Ma la strada che porta al mestiere di calciatore, ricco di fascino e di golose prospettive economiche, si fa da subito in salita. E sotto lo striscione del traguardo (leggi debutto in Serie A) giungono soltanto poche decine di eletti. L’approfondita inchiesta di Varriale, corredata da statistiche e raffronti significativi, ci spiega il perché e il percome di questa durissima corsa a eliminazione. Investimenti irrilevanti nel vivaio, se confrontati con il fatturato totale dei club; l’età-media molto alta della nostra Serie A; un mercato sempre più esterofilo, in virtù di un (presunto) miglior rapporto fra qualità e prezzo; l’ossessionante ricerca del risultato, tanto a livello professionistico quanto nei campionati giovanili, che fa sì che si privilegi spesso l’aspetto fisico a quello tecnico. 
È però limitativo, se non fuorviante, scaricare tutte le colpe del misero raccolto finale sulle società di vertice. I problemi, in realtà, nascono a monte, nella cosiddetta attività di base che pure, come si sottolineava sopra, raccoglie l’entusiastica adesione di decine di migliaia di bambini. Entusiasmo, passione e, in molti casi, predisposizione che tuttavia vengono ben presto soffocati dall’atteggiamento sbagliato del mondo adulto. Tra dirigenti che pensano solo a incassare quote (500 euro all’anno il valore medio dell’iscrizione a una delle oltre 7.000 Scuole calcio sparse sul territorio), ammassando ragazzini in impianti fatiscenti e su campi di patate, istruttori (tanti a livello di puro volontariato) che vanno a caccia di coppette e trofei solo per soddisfare il proprio ego, allenando esclusivamente in funzione della partita (ovvero badando più a distruggere che a fare gioco) e trascurando un virtuoso percorso di addestramento tecnico individuale, e genitori che “investono” sui propri figli quasi fosseto Bot o Bpt (pago dunque giochi, mi diventi un famoso campioncino, io smetto di lavorare e ti faccio da procuratore), ecco spiegata la strettoia che porta nel giro di qualche anno all’inevitabile abbandono e, in taluni casi, alla dispersione di una discreta dose di qualità: poco più di 70mila i superstiti che arrivano a giocare negli Allievi (14-16 anni). Senza dimenticare i danni provocati da una selezione sempre più precoce (su questo punto ci permettiamo di dissentire con la politica federale che ha introdotto l’Under 15) affidata alle innumerevoli società di scouting che nascono dalla sera alla mattina, altra pericolosa “illusione” per molti giovani alla ricerca di un lavoro e attirati dalla possibilità di entrare nel pianeta-calcio dalla porta di servizio.

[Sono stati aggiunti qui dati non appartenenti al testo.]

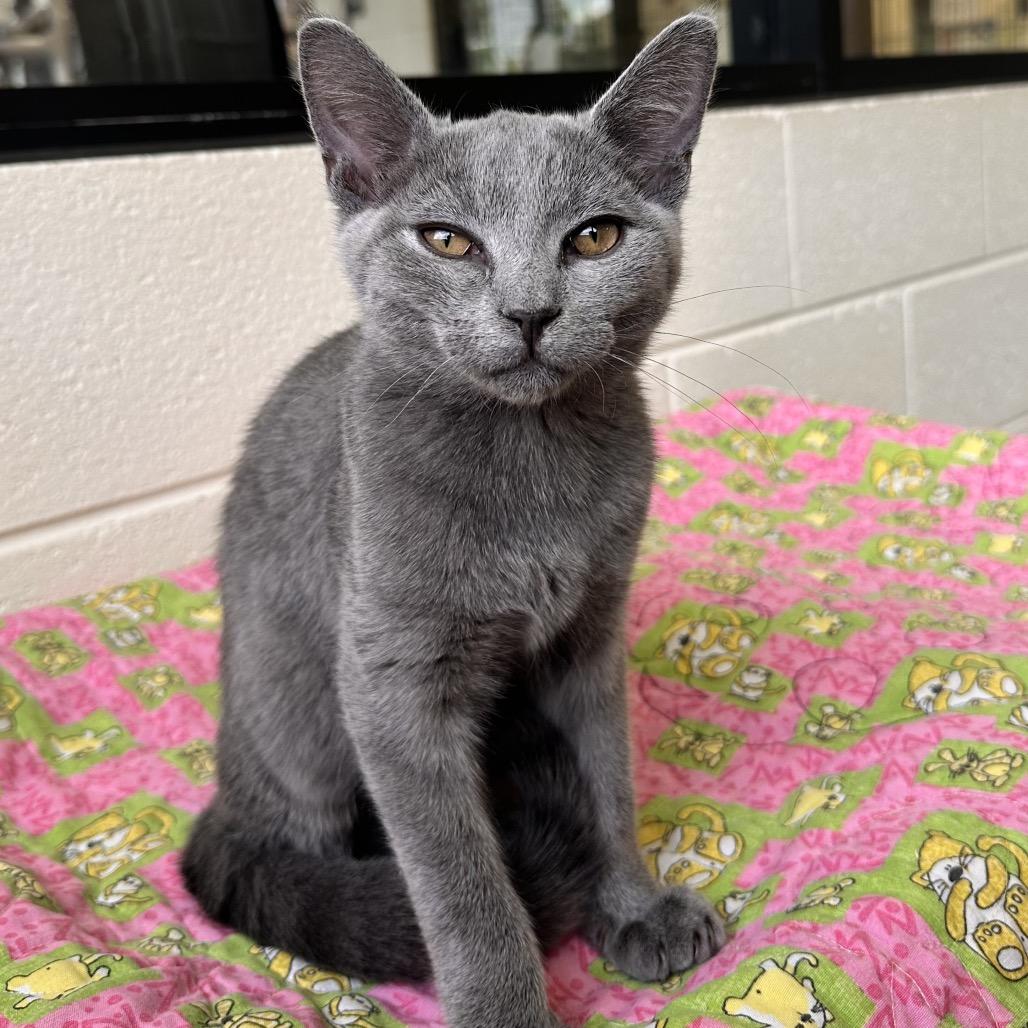 Enlarge Gerber, a Adoptable Domestic Short Hair in Rocky Mount, VA image 5/6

Osservatori maniacali, superdocumentati e supertecnologici, ma spesso distratti e svagati, sbugiardati dalle cronache che ci riportano la scoperta talvolta del tutto “fortuita” di un talento calcistico. Caso recente, quello del sassolese Berardi, notato a 16 anni su un campetto alla periferia di Modena mentre giocava con gli amici da un dirigente che passava di lì per caso in bicicletta.

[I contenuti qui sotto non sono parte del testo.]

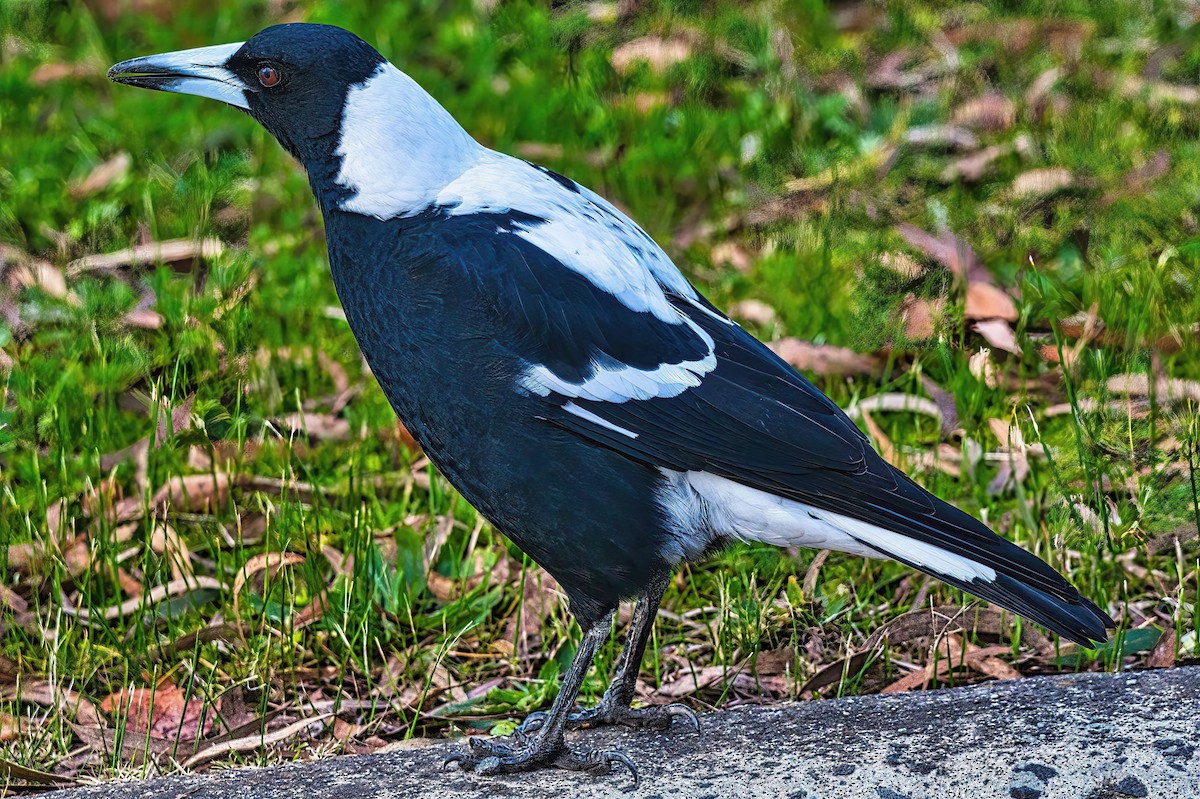 Australian Magpie (Black-backed x White-backed) - ML620781808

Cosa fare, allora, per non bruciare questa gioventù? Restituirle innanzitutto il gusto del gioco. L’emozione di un dribbling, il brivido di una rovesciata, l’audacia di un tiro al volo, la fantasia di un colpo di tacco, l’incoscienza di un rigore “a cucchiaio”. E rispolverare la vecchia figura del Maestro di calcio. Quello che ti coinvolgeva, piccolo, grassotello o lumaca che tu fossi. Che ti appassionava alla maglia che indossavi. Che teneva i genitori fuori dallo spogliatoio. Che ti faceva perfino accettare la panchina. Che, a prescindere dal 4-4-2 o dal 3-5-2, ti mandava in campo con una pacca sulla spalla dicendoti: Adesso fammi vedere quel che sai fare. E che, anche quando si perdeva, portava all’allenamento successivo paste e pizza per tutti.